Quant aux intérêts américains immédiats, il semble bien que les Saoudiens aient laissé peu d'espoir au Président Biden concernant un relèvement du plafond de la production pétrolière. C'est ce que le chef de la Maison-Blanche est venu chercher en priorité, alors que l'Arabie Saoudite se dit attachée aux décisions de l'Opep et que les Émirats arabes unis sont rétifs.

Toutefois, les États-Unis ont fait la semaine dernière un pas de géant, ce qui est naturel chez eux, sur la voie de la mise en application des «Accords d'Abraham» sur le conflit du Moyen-Orient. Il ne s'agit pas tant, à mon sens, de l'ouverture de l'espace aérien saoudien aux avions israéliens qui est un point de détail chez les «Abrahamistes» que de la «nouvelle Ligue arabe» lancée à Djeddah. En effet, outre les chefs d'État du Conseil de coopération du Golfe réuni à Djeddah, en présence de Biden, étaient aussi présents les Présidents égyptien et irakien ainsi que le roi de Jordanie. La décriée «Ligue arabe» créée en 1945 par six États arabes en compte aujourd'hui vingt-deux, avec l'arrivée et l'adhésion des nouveaux États indépendants, dont l'Algérie, dès 1962.
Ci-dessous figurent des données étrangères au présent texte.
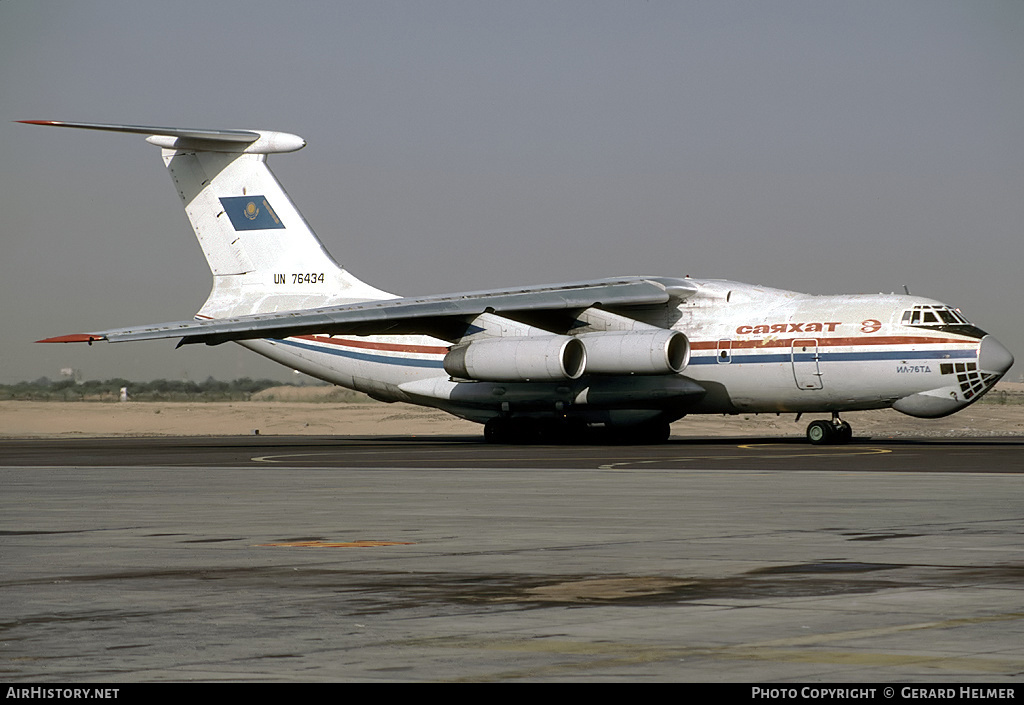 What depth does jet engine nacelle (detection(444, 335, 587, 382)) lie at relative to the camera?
31.4 m

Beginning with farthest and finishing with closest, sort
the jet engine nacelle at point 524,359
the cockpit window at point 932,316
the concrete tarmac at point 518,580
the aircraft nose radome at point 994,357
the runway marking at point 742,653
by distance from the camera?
the jet engine nacelle at point 524,359 < the cockpit window at point 932,316 < the aircraft nose radome at point 994,357 < the concrete tarmac at point 518,580 < the runway marking at point 742,653

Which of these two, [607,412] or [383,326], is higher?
[383,326]

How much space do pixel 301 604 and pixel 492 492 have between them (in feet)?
29.6

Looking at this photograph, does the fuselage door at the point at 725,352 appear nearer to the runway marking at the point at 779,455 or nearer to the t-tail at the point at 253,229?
the runway marking at the point at 779,455

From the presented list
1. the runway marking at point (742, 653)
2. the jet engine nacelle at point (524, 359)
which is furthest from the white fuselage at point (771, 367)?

La nouvelle ligue dont nous avons pu voir la naissance au sommet de Djeddah a réuni 9 membres sous les auspices des États-Unis, et devrait se renforcer avec le Maroc et le Soudan. Outre le discours devant le sommet des «Six plus trois» dans lequel il a exposé sa vision d'un Moyen-Orient futur, Joe Biden a également eu des entretiens avec le Président égyptien Sissi. Projet ancien ou conséquence de la rencontre de Djeddah, l'Égypte a annoncé hier l'élargissement de plusieurs personnes arrêtées pour délit d'opinion, et mises en détention provisoire.

L'histoire retiendra sans doute que c'est un président américain, et tuteur d'Israël, qui était au chevet de la «Nouvelle Ligue arabe» lors de sa naissance un mois de juillet 2022 à Djeddah.